BookmarkSubscribeRSS Feed
Ody
Quartz | Level 8 Ody
Quartz | Level 8

Hello all,

I have a large set of data called HIST. Each record in the HIST dataset has a period_date. I have another set of data, a table of 33 period_dates called PDATES, associated with the HIST data.

I would like to create a macro that looks at the first date in the PDATES table and creates a separate dataset from the HIST dataset where the period_Date in the HIST table is equal to the period_Date in the PDATES table.

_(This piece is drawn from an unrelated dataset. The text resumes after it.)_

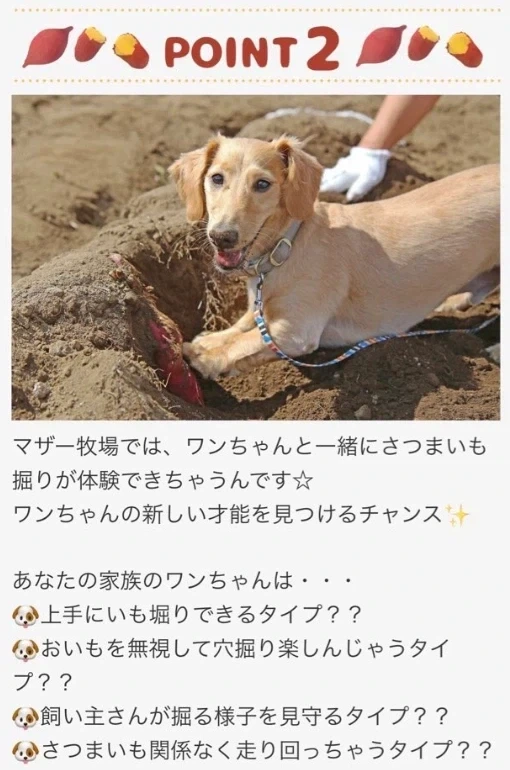 일본의 애완견과 고구마캐는 농장 후기.jpg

The goal is to have 33 datasets when the macro completes.

I've looked at various articles online about %DO, etc, and just can't seem to translate my thoughts to code.

I appreciate any assistance!

13 REPLIES 13
art297
Opal | Level 21

It would help if you'd provide an example of what you call the period_dates that exist in each file.

Ody
Quartz | Level 8 Ody
Quartz | Level 8

The period dates are MMDDYYYYs10. format.

Example:

03/21/2014

04/04/2014

07/18/2014

art297
Opal | Level 21

And you want the new files to only contain the dates specified in the other file? Or, are you looking for ranges of dates on or between the dates specified in the one file?

Ody
Quartz | Level 8 Ody
Quartz | Level 8

Each data set would contain all the values from the HIST table where the period_dates are equal.

For example the output of period_date  03/21/2014 could have 5345 rows (and associated columns), period_date 04/04/2014 could have 1255 rows (and associated columns), etc.


Like if I was to write


data EXAMPLE;

set HIST;

if period_date = 03/21/2014;

run;

Astounding
PROC Star

If you have a "large data set", why would you design a program that reads the data set 33 times?  SAS can produce all 33 data sets in a single DATA step.  Wouldn't that be a better approach?

MumSquared
Calcite | Level 5

Another approach is to write the sas code to write the code needed to split the HIST  data using the dates dataset PDATES. Automates the writing of the code Ody suggests.

data _null_;

     set pdates ;

     file "c:\SASCodeToRun" ;

     line="data "||compress("hist_"||put(datefield,yymmddn8.))||" ; " ;

     put line;

     line ="   set HIST (where=(datefield='"||put(datefield,date9.)||"'d )) ; " ;

     put line;

     line = "run; " ;

     put line;

run;


%include("c:\SASCodeToRun");


I suggest you review the code written in the fie before you run it ... I did not test my code .... but I use this technique a lot.

Reeza
Super User

Its generally not recommended to split your file up. SAS has BY group processing that is quite efficient in most circumstances. Can you explain what the next step in your process would be that you would want this separated for?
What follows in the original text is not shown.